Level 1, Level 2 or Level 3 — which food hygiene certificate do UK food handlers actually need? A practical answer for restaurants, cafés, caterers and retail.

## The short answer

For most UK food handlers preparing or cooking open food, Level 2 Food Hygiene is the right certificate. Level 1 fits low-risk roles (front-of-house, packaged-food retail) and Level 3 is for supervisors and managers writing the food safety management system. There is no single UK certificate that is legally compulsory — Food Standards Agency (FSA) guidance instead requires training appropriate to each food handler's role, which is why level matters more than provider.

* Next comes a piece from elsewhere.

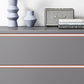 Contemporary Engineered Wood Storage Chest Bedroom Chest in Gray with Drawers Clearhalo 'Bedroom Furniture' 'Dressers & Chests' 'dressers_chests' 'furn' 'furn_dressers_chests' 'Furniture' 6421337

The rest of this guide explains how to read those levels against real UK roles, what councils and the bigger chains (Pret, Greggs, Costa) actually ask for at inspection or onboarding, and how Scotland's FSS framework differs.

## Level 1 Food Hygiene — for low-risk roles

Level 1 covers the basics: what food poisoning is, personal hygiene rules, temperature awareness and the principle of cross-contamination. It's the right certificate for staff whose handling of open food is minimal or supervised. Typical Level 1 roles include front-of-house servers, packaged-food retail (supermarket aisles, off-licences), kitchen porters, and counter staff handing over sealed pastries.

Level 1 is usually 1–2 hours of content with a 20-question multiple-choice test. It's the minimum reasonable food hygiene training and is what most UK employers ask for in non-cooking roles.

## Level 2 Food Hygiene — for anyone preparing open food

Level 2 is the UK standard for chefs, line cooks, kitchen porters who handle open food, sandwich makers, prep cooks, bakery staff, deli counter staff, butchers, fishmongers, school cooks, care home cooks, hospital catering staff, hotel breakfast cooks and anyone in a takeaway or coffee shop preparing food on premises.

Level 2 builds on Level 1 with detailed coverage of temperature control (the 5°C / 63°C rule, danger zone, cooking and reheating temperatures), cross-contamination prevention (raw vs cooked, allergen separation, colour-coded equipment), pest control basics, cleaning and disinfection regimes, food storage and the structure of a basic food safety management system. It's typically 3–4 hours of content with a 30-question final test.

If you're unsure whether a role needs Level 1 or Level 2, choose Level 2. It costs slightly more (typically £19.99 vs £14.99 online) but covers every food-handling situation an environmental health officer (EHO) will reasonably expect.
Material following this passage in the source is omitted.